Francisco Apaolaza - OPINIÓN
Ñus
El ñu luce una desproporción difusa, porque está hecho de la suma desaliñada de las partes de los demás
Connochaetes es un género de antílope que habita en África. Se les conoce como ñus. Los hay a patadas. Hablar mal de ellos es fácil. Para empezar, no es la suya una fealdad artística, locuaz y persuasiva como la del Facochoerus Africanos (’Pumba’ para las personas cuyo conocimiento natural se limita a las películas de Disney), que atrae en su desgracia como el Barbra Streisand de la sabana, no. El ñu luce una desproporción difusa, porque está hecho de la suma desaliñada de las partes de los demás: los cuernos de una cría de búfalo, la cara de un bisonte, las patas de una gacela, el rabo de un caballo viejo y los cuartos traseros de una hiena. No ayudan el paso de clochard cansado, ni la testuz que no deja verle los ojos de frente, ni las crines ralas que nacen, larguísimas, desde la cruz, ni las franjas de pelo que le chorrean por las espaldas y que le dan al conjunto de su piel gris un aire extraño y viejo de alfombra abandonada en la basura. La barriga es redonda sin llegar al lustre, como si perteneciera a un niño enfermo y las patas resultan delgadas como alambres, lo que le da en su conjunto un toque de fragilidad patética propia de alguien que no ha conocido el deporte.
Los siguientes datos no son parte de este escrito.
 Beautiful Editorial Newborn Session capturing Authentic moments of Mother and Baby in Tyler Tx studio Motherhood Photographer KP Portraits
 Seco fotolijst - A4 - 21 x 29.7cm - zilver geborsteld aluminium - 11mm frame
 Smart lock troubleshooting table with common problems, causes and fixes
A determinada hora de la mañana y de la tarde, rompen a correr en zigzag con direcciones aleatorias. Salen disparados entonces como electrones o gentes sin cabeza ni sentido aparente en el patio de un manicomio. En sus movimientos de manada tampoco se desentrañan grandes claves. Se siguen unos a otros con el único objeto de evitar a los depredadores y buscar agua y pasto, lo que les lleva a emigrar al Serengeti y al Massai Mara en un gran grupo gigante que oscila entre el millón dos cientos mil y el millón y medio de ejemplares. Dentro no hay clanes, ni reglas: son la perfecta definición de manada. En su sencillez, resultan tremendamente efectivos para su supervivencia aunque sus cadáveres despedazados y las carcasas blancas de sus esqueletos rieguen las llanuras del este de África como si las riveras del Mara fueran el escenario de un accidente aéreo.
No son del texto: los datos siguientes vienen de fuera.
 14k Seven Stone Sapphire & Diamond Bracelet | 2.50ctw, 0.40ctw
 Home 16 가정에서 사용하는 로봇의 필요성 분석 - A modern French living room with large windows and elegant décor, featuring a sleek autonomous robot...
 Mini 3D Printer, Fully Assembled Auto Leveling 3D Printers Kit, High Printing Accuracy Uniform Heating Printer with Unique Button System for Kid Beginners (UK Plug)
Nadie quiere a los ñus. Los mzungus o turistas blancos se ríen de ellos desde los asientos traseros de sus todoterrenos: de su pinta, de su comportamiento, de su aparentemente absurdo desaliño. Después del impacto de la primera media hora en el parque jurásico de África, no les ni hacen fotos. «Mira, ñus. Más ñus», dicen, como el que ve llover. En la escala de su interés terminan por representar menos que las hormigas, menos que las acacias, que los pájaros y las nubes. Al poco tiempo, todo les resulta más interesante que ellos. Pastan en la base de la pirámide de la sorpresa, escondidos, indiferentes a su propia nada. Apuesto a que hay gente por ahí que se dedica a estudiarlos pero a ojos de la mayor parte de la humanidad, los ñus son la bandera de la mediocridad. Creo que habitan el mundo para hacer sentir importante a los miembros de otras especies, pues hasta el último bobo puede sentirse alguien al lado de ellos. Son hacedores de listos y algunas personas, pudiera ser que otros animales incluso, consideran que pertenecen a géneros superiores. Ese es su servicio al mundo y nadie se lo reconoce. Lo mismo les pasa a algunos políticos.